SOURCE DATA:
--------
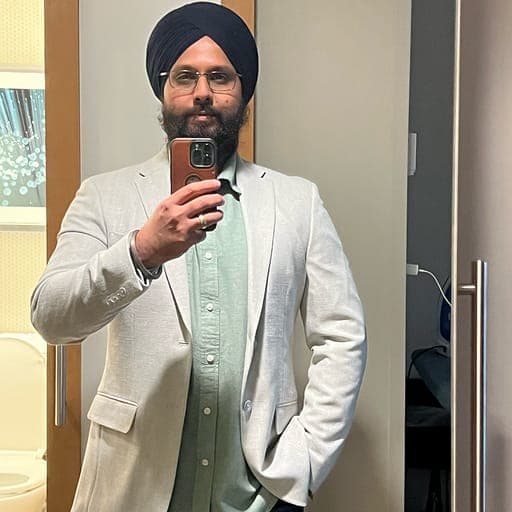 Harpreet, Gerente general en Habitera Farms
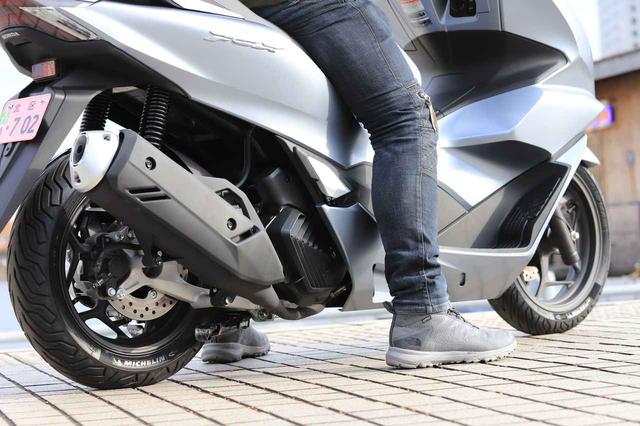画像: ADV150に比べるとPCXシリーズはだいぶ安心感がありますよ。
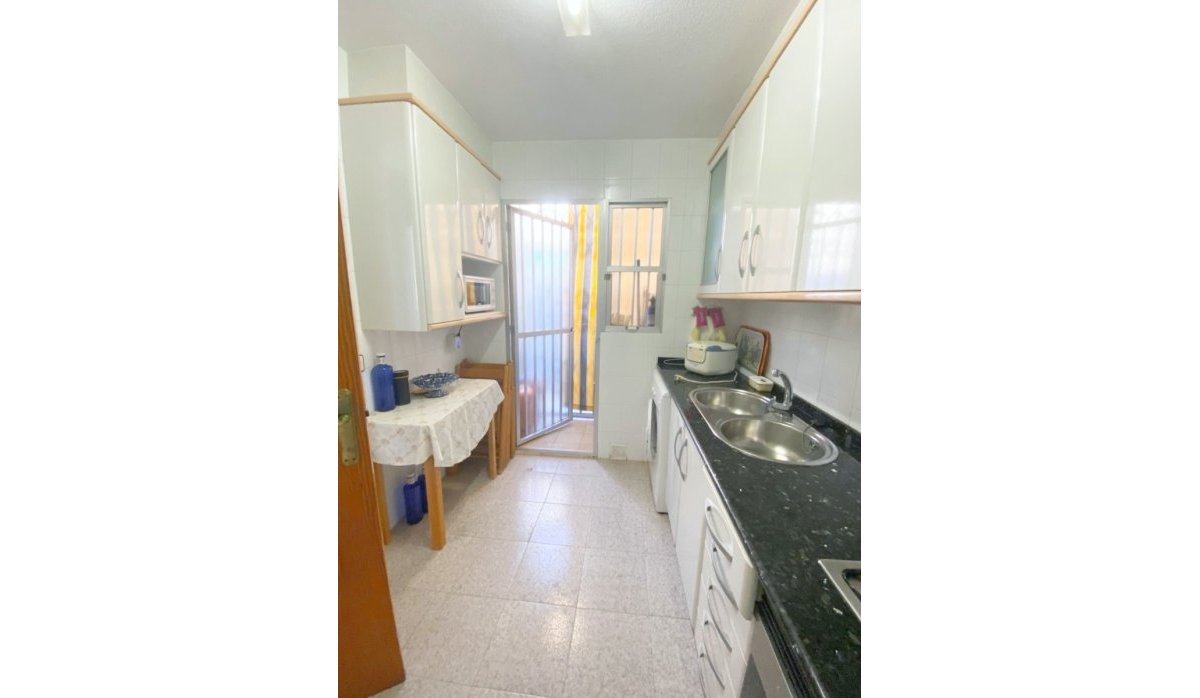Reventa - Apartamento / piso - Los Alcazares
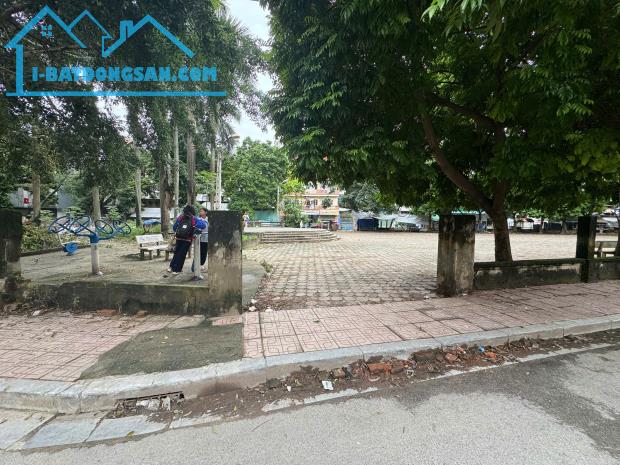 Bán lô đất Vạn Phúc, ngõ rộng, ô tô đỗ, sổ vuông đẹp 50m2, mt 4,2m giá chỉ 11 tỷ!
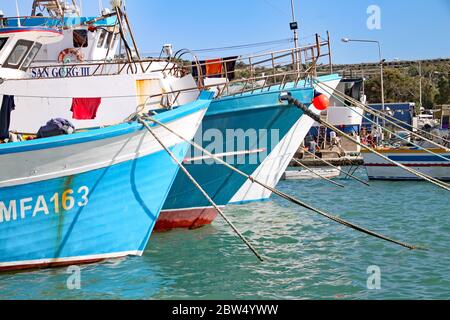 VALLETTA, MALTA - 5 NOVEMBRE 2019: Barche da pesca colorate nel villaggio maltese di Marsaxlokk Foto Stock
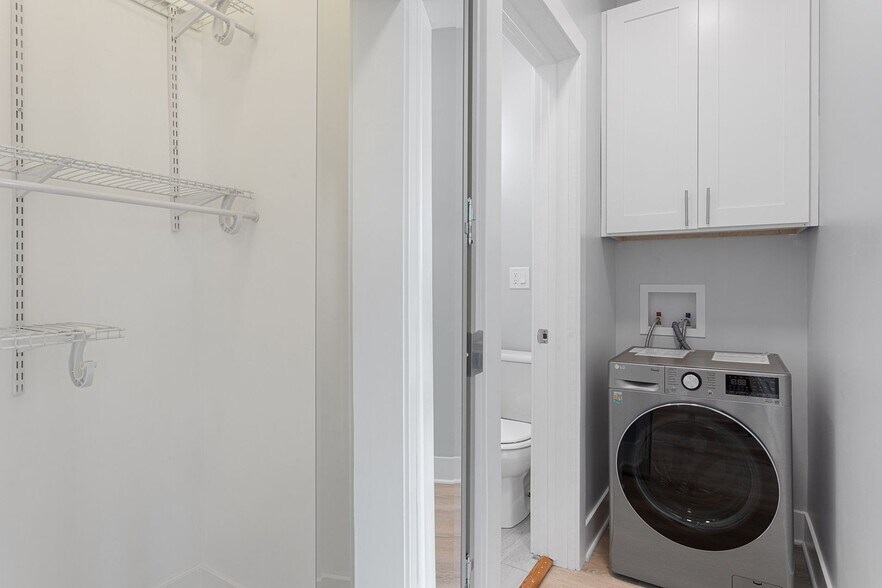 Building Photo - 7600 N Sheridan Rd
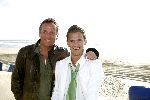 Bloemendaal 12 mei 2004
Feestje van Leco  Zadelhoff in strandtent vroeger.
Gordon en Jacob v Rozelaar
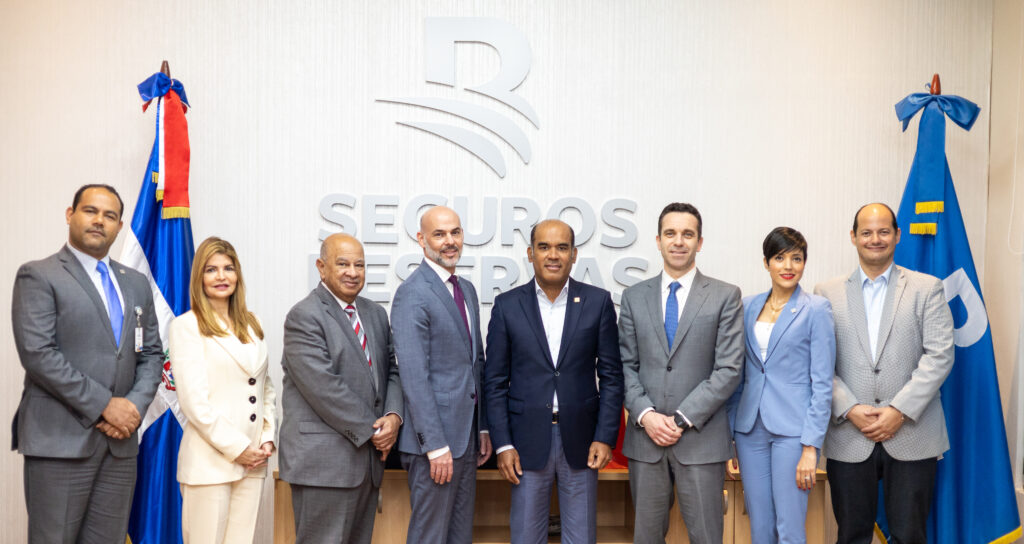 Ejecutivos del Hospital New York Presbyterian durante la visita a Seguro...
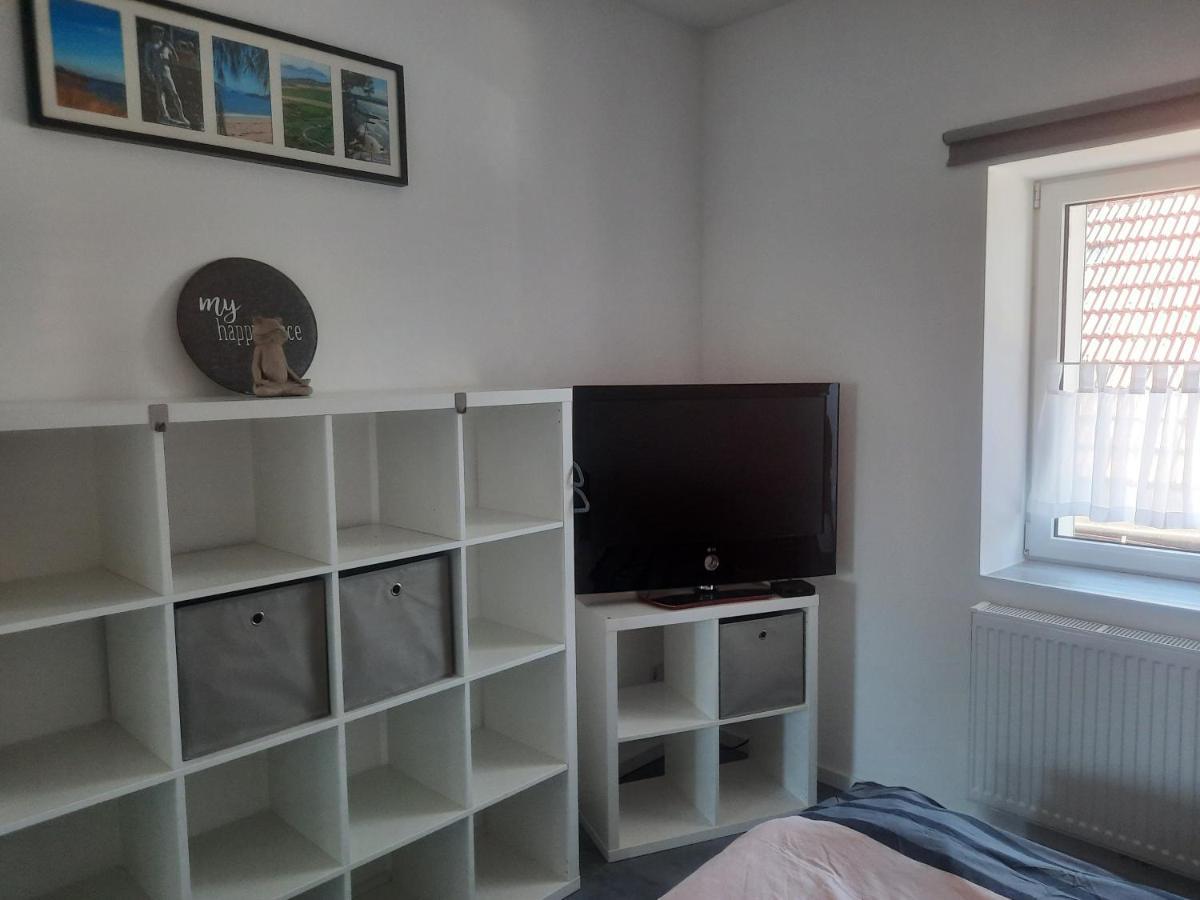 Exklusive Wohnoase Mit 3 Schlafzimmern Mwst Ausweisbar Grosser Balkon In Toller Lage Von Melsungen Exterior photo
--------
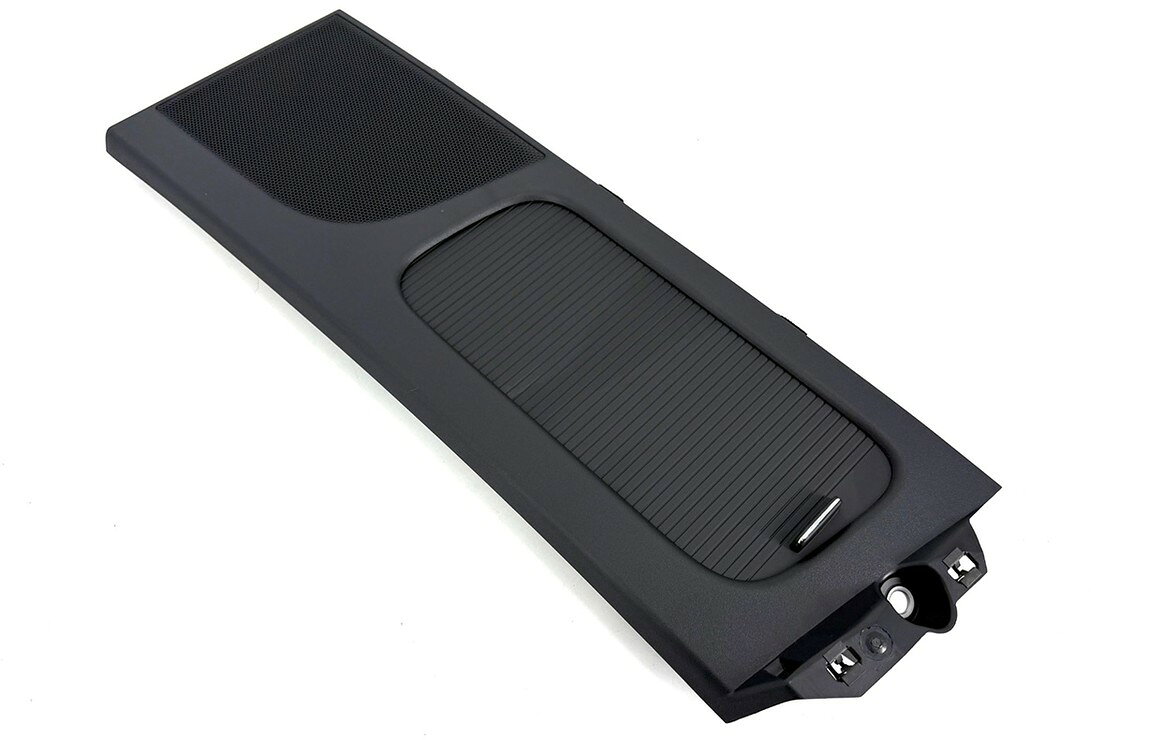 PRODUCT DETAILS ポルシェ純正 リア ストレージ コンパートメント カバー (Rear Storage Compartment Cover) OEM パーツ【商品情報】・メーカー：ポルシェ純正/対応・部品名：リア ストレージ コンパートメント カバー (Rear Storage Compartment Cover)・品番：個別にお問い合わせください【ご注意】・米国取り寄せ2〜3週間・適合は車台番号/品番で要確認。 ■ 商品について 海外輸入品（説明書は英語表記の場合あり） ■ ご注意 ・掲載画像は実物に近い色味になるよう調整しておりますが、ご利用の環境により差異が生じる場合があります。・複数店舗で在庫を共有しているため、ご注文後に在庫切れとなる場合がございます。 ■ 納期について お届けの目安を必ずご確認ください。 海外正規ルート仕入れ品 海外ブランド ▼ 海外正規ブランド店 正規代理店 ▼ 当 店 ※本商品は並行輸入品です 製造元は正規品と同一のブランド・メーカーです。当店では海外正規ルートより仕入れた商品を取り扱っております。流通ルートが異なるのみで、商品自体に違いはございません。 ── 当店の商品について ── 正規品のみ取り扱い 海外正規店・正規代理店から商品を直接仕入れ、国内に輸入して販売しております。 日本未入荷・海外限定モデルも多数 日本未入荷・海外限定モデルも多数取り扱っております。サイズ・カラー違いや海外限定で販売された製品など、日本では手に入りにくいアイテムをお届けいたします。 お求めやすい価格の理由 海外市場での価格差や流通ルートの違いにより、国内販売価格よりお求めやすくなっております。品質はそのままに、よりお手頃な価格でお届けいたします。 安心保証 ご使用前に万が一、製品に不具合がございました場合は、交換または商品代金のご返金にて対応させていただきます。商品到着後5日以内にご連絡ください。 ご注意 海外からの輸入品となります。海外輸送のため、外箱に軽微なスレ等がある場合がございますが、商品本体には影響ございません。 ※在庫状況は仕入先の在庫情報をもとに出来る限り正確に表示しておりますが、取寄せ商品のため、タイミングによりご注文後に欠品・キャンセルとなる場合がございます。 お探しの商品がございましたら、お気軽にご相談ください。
--------
PROMPT:
Each line above that falls between the line with "Ejecutivos del Hospital" and the line with "Exklusive Wohnoase Mit" should be printed exactly, together with those two lines, but the pictures should not.

ANSWER TO THE EXERCISE:
 Ejecutivos del Hospital New York Presbyterian durante la visita a Seguro...
 Exklusive Wohnoase Mit 3 Schlafzimmern Mwst Ausweisbar Grosser Balkon In Toller Lage Von Melsungen Exterior photo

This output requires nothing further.